David Cann is an actor with a strong theatrical background although he is mainly to be seen on television nowadays. After training at RADA, which he left in 1973, he served his apprenticeship in the repertory system, appearing at many of Britain's grand old theatres in a wide range of roles. This imbued him with both experience and resilience. In plays ancient and modern, Shakespearean drama, musicals and pantomime, David developed into a leading man and character actor with a strong vocal technique and a firm grasp of many artistic styles; from the extreme naturalism of Lawrence's A Collier's Friday Night through the high comedy of Sheridan's A School for Scandal to the classical verse (not to mention the athletic sword-fighting) in Romeo and Juliet.

The endlessly demanding schedule of rehearsals, performances and line-learning, combined with meagre accommodation and low wages, meant full immersion in provincial theatrical life but as the repertory system declined David moved into television and radio appearing in many shows including Sapphire and Steel and Grange Hill. In between these more lucrative but less reliable TV jobs he worked in small fringe theatres, such as the Gate in Notting Hill and Croydon Warehouse, where such heart-warming pieces as Barrie Keeffe's My Girl showed his subtlety in the more intimate space of studio theatre.
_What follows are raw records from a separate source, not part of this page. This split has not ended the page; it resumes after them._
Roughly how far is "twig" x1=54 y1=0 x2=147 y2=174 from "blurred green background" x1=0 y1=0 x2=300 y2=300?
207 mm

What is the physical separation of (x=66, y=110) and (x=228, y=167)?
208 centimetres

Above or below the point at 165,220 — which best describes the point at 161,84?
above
During 1996 David auditioned for a small part in a new type of documentary comedy being pioneered by Chris Morris. The resulting series, Brass Eye, was hailed as a major breakthrough in TV style; satirising TV itself. Morris, who had started out in radio, subsequently asked David to join a small team to develop the award-winning BBC radio series Blue Jam and, in 1999, some of this material was filmed for television as 'Jam'. It is for his work in this surreal, hysterically funny and sometimes deeply disturbing series that David is best known, especially in his role as the doctor. The programmes, which bizarrely combine absurdism and naturalism, have won a cult following especially among the more perceptive, younger viewers. One fan told David:

"When I first saw Jam I didn't want to tell anyone. I wanted to keep it to myself. I felt like I'd discovered something that nobody else knew about, like a secret seam of gold."
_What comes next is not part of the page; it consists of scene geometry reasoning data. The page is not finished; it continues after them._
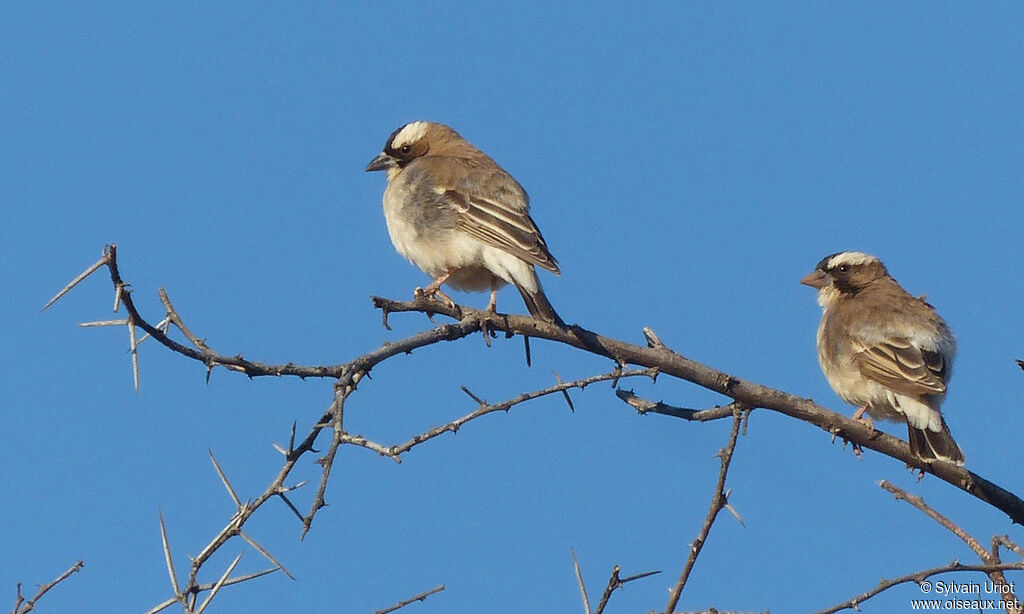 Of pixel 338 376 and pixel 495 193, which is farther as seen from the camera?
pixel 495 193

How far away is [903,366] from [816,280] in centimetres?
163

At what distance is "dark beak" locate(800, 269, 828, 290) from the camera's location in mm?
7645

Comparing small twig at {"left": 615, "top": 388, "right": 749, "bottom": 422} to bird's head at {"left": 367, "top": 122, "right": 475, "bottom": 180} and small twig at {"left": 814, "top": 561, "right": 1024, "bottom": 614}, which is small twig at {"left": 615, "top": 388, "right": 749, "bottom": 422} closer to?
small twig at {"left": 814, "top": 561, "right": 1024, "bottom": 614}

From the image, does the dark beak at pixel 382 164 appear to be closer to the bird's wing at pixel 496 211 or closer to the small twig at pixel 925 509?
the bird's wing at pixel 496 211

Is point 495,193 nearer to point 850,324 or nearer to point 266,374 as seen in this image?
point 850,324

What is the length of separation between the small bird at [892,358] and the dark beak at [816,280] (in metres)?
0.35

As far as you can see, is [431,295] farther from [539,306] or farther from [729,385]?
[729,385]

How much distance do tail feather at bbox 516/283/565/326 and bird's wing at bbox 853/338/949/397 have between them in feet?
6.16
The disturbing nature of Jam and the unfashionable choice of its material has meant that the show is not widely known, even within the entertainment industry, yet retains cult status. This disparity between being admired by a select few yet almost unknown to the many has led to some strange encounters. David is sometimes auditioned by producers who have never heard of Jam, and yet he is often accosted by fans in supermarkets or at bus stops who have learned entire scenes from the show by heart. On one occasion, an ardent admirer threw himself to his knees in a busy London pub and refused to leave without an autograph. This incident was made all the more extraordinary by the fact that a senior BBC executive (the oddly named Controller of Comedy) was sitting right next to him at the time and, having no idea what the fuss was about, supposed that David had contrived the whole scene in an attempt to make an impression.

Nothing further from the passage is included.